The first part of taking any plunge into the unknown is getting your bearings. Study what others farther along than yourself in that particular area are doing, find the patterns of what’s working for those thought leaders and learn how to do them yourself. Start small, establish a solid understanding of the basics and terminology, but then dive in and don’t waste time. Technology and information in general is evolving so quickly that on the path to self-education, try to study as leading-edge information and tools to get you there as possible and set aside a solid few hours to learning every single day.
As Mark Zuckerberg famously said, “Move fast and break things” and as he went on to say at his F8 conference last year, “Move fast with stable infrastructure”. This approach gives you the best of both worlds. Form your foundational understanding, explore expanded/experimental techniques, test, invest in what’s working, and creatively build upon all of it to adapt to your specific goals.
2) Find a community.
Wether you’re changing career paths all together, or simply learning a new skillset, find other people who care about what you’re doing. There are interest groups around everything, and wether they are online or off, find them. This will keep you aligned with your goals, activated towards them, and connect you with other people who you can learn from and help towards their goals as well. I equate this to speeding on a highway, when you’re speeding past the majority of other cars alone, you feel anxious, regardless of how important it is for you to get to where you’re going quickly. On the flip side, if as you’re speeding a few other cars are running with you, it becomes more of a game. Your thought patterns transition from anxiety to excitement and a sense of being a part of an agile team.

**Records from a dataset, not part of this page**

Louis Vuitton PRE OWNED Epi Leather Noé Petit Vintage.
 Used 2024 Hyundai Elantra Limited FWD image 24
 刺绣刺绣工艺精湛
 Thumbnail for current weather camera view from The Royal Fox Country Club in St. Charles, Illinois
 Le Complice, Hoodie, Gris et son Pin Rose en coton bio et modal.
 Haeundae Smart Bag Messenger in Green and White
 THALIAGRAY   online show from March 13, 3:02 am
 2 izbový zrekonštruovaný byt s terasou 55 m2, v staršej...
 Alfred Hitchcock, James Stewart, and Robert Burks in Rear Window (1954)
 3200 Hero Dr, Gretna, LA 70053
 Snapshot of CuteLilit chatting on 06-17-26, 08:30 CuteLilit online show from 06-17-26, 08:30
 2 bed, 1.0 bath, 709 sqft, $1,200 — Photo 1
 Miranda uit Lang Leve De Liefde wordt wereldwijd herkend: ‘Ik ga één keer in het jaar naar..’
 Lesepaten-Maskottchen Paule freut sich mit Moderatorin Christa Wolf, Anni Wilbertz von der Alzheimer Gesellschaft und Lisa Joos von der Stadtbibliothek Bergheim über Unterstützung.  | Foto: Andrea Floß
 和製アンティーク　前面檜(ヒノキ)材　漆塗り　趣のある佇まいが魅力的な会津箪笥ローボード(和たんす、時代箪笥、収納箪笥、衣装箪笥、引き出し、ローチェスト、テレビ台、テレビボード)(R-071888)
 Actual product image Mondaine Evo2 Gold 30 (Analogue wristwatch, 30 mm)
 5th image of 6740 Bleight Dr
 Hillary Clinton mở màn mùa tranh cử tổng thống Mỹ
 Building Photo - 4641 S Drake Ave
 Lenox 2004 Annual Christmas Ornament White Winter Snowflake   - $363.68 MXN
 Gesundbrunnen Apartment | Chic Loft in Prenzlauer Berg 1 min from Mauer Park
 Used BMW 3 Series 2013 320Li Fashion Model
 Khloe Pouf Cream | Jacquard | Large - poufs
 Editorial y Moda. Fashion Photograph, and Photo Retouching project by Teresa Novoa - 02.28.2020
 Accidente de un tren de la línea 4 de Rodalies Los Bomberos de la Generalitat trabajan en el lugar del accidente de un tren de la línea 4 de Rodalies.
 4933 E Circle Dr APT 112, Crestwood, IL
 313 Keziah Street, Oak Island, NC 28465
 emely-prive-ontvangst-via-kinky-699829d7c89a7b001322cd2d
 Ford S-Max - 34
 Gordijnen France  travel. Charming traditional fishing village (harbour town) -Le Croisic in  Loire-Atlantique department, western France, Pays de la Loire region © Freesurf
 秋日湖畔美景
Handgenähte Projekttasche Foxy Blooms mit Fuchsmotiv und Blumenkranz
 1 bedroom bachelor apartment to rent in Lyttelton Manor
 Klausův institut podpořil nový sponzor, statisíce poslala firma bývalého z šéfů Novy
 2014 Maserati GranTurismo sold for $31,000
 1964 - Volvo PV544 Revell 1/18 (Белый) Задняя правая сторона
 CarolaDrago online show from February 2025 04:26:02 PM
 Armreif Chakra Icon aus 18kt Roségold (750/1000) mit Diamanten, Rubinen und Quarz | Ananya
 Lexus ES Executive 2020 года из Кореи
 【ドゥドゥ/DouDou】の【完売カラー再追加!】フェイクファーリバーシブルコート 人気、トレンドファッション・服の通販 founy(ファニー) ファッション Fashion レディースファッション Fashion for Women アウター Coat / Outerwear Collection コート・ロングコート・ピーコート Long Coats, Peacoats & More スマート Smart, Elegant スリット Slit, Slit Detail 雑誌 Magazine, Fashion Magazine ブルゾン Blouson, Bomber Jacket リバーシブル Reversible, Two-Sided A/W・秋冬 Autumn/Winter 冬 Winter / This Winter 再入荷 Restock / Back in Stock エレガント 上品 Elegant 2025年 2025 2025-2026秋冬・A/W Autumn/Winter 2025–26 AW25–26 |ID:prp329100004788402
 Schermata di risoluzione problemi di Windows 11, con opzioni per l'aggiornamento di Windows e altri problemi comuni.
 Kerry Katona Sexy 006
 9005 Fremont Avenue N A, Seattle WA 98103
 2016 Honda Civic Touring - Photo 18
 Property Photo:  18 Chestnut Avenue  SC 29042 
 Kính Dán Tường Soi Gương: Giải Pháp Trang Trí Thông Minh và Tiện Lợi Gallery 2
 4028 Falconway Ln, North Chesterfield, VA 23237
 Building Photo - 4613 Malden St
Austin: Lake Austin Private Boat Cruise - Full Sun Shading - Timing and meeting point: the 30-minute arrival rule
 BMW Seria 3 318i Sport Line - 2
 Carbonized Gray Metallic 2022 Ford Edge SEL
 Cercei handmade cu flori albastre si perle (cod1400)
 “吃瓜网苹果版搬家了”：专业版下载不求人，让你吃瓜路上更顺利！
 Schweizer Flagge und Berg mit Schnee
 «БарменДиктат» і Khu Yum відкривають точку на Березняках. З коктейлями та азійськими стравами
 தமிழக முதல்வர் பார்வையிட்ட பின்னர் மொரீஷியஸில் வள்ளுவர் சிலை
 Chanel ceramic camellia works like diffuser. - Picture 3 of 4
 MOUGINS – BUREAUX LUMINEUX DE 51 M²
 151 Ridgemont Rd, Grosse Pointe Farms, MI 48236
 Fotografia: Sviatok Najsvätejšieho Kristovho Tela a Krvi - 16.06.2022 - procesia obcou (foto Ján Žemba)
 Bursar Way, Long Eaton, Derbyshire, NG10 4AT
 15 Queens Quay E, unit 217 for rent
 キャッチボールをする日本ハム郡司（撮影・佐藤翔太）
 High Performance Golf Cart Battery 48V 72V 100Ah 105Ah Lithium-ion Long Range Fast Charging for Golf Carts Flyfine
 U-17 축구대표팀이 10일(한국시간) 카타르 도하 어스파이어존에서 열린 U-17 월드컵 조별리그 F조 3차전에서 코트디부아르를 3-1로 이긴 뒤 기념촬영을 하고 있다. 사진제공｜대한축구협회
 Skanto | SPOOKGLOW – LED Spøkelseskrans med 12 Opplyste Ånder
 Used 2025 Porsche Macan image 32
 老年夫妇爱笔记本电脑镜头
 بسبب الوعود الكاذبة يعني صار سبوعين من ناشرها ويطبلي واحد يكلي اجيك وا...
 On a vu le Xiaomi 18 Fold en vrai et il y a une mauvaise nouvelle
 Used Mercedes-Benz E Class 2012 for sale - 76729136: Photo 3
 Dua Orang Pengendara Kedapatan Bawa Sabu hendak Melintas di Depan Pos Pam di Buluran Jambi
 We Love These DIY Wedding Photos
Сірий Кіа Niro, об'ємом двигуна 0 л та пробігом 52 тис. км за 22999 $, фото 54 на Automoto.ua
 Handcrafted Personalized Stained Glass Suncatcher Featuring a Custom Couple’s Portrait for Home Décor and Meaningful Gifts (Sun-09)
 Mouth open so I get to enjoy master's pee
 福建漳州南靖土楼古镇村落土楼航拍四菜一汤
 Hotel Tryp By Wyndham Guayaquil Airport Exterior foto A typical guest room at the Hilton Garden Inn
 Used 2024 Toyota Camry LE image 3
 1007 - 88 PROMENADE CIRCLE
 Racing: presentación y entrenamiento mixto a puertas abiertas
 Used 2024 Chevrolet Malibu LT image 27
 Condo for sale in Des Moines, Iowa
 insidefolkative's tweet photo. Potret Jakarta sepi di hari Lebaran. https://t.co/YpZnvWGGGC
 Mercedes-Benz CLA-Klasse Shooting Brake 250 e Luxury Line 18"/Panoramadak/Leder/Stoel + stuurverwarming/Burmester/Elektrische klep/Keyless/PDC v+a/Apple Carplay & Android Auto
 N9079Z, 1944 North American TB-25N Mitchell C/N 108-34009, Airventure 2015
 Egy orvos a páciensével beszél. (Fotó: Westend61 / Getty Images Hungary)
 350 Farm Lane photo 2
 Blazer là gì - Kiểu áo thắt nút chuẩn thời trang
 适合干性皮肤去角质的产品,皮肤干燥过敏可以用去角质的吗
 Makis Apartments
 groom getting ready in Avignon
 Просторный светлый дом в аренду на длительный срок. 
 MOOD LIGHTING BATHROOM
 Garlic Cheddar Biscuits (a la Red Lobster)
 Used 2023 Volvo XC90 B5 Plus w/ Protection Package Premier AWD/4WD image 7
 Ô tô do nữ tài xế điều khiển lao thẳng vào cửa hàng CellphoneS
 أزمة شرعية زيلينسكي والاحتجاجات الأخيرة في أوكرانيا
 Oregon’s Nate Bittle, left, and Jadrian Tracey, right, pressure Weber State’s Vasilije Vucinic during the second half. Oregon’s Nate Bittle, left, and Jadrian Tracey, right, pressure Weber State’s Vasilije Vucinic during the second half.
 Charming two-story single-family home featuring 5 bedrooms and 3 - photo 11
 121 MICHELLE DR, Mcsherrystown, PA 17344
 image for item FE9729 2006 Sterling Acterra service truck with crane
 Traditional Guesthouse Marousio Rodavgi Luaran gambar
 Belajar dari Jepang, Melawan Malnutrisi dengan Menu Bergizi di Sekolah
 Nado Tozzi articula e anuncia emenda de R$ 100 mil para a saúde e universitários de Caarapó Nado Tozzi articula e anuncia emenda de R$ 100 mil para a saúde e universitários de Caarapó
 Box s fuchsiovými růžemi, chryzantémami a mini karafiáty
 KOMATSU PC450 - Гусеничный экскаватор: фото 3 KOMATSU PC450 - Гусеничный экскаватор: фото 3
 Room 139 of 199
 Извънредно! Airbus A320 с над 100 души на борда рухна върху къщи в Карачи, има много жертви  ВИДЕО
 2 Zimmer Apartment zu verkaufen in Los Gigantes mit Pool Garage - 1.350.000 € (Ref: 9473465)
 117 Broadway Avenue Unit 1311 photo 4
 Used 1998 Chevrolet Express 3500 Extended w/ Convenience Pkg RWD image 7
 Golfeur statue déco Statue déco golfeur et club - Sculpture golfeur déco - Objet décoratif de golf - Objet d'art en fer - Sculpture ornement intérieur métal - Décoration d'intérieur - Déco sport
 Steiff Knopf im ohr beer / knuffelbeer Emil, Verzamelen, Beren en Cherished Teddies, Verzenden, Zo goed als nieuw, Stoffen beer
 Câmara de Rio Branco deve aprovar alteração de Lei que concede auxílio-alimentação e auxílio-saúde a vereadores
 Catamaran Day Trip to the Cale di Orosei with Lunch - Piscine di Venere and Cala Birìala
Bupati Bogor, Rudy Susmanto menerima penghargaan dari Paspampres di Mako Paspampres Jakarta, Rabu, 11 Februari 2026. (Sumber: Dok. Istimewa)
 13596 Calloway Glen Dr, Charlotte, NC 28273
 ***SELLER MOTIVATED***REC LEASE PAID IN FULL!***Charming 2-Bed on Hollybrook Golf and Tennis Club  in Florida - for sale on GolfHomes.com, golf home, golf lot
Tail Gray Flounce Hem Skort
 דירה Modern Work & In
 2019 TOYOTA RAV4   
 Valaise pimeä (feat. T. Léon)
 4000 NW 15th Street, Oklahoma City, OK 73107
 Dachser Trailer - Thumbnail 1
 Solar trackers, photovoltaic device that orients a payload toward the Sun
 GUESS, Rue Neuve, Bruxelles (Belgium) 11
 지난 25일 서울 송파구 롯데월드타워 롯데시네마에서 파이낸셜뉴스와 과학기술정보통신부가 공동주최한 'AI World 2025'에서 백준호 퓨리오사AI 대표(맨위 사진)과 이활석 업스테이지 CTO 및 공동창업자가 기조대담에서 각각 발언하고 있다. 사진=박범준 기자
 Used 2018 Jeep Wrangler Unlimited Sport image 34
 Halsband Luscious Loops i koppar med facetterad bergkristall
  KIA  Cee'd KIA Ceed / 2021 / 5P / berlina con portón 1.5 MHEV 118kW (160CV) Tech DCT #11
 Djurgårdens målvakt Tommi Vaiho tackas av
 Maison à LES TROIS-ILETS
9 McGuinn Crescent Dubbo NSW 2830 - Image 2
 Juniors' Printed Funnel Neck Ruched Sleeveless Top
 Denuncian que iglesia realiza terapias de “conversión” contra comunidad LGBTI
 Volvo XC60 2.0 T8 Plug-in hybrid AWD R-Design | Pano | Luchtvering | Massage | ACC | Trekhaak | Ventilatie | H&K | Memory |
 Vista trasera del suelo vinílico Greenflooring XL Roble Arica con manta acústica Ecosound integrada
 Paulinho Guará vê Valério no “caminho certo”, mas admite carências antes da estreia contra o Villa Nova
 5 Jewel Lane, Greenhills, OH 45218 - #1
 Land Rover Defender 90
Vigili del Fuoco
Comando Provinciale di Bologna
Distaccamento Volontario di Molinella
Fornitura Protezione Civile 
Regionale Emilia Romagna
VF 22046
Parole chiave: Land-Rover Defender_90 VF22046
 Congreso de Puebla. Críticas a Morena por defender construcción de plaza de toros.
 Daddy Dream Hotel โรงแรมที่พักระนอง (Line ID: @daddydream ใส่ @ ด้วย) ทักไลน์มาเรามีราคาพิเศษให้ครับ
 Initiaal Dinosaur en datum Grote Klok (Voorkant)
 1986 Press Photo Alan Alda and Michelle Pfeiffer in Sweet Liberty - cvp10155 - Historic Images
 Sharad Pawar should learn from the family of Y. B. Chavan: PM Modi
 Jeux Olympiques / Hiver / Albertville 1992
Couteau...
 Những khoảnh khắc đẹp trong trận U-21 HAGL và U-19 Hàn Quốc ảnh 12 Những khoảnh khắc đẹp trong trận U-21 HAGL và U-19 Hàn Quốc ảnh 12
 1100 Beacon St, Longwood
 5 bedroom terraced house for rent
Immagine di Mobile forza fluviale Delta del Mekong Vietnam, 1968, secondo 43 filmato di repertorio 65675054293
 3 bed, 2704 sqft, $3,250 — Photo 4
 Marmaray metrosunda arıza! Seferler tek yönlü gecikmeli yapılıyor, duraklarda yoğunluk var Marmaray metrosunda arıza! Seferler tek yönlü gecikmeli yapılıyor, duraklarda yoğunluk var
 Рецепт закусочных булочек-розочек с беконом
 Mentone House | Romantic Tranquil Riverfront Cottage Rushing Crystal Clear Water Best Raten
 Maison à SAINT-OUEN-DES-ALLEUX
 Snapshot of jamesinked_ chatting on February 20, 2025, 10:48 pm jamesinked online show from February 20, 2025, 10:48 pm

And you know those people that you were initially looking up to in order to figure out how to get your bearings in step 1? Reach out to them. Ambitious people generally like other ambitious people, and you never know what can come from a simple hello.
3) Bootstrap to success.
At this point, you’ve bootstrapped together your launchpad via a lean self-education system to form a solid knowledge base. You’ve bootstrapped together your fuel by creating a source of emotional motivation and elongated attention span through joining communities and making friends to keep you stimulated around the topic, now it’s time to bootstrap together your actual rocketship.
Rocketships come in all shapes, sizes, colors. But on the inside, most rocketships are essentially the same. They consist of fleshing out your web of resources and people, building credibility in your field, reach out to create symbiotic relationships with partners and individuals with aligned interests whom are at the level that you see yourself/your company going and then deliver on every promise.
Bonus Round: Apply all this to building your own personal brand along the way. You never know what the future holds and what opportunities will come to you through it.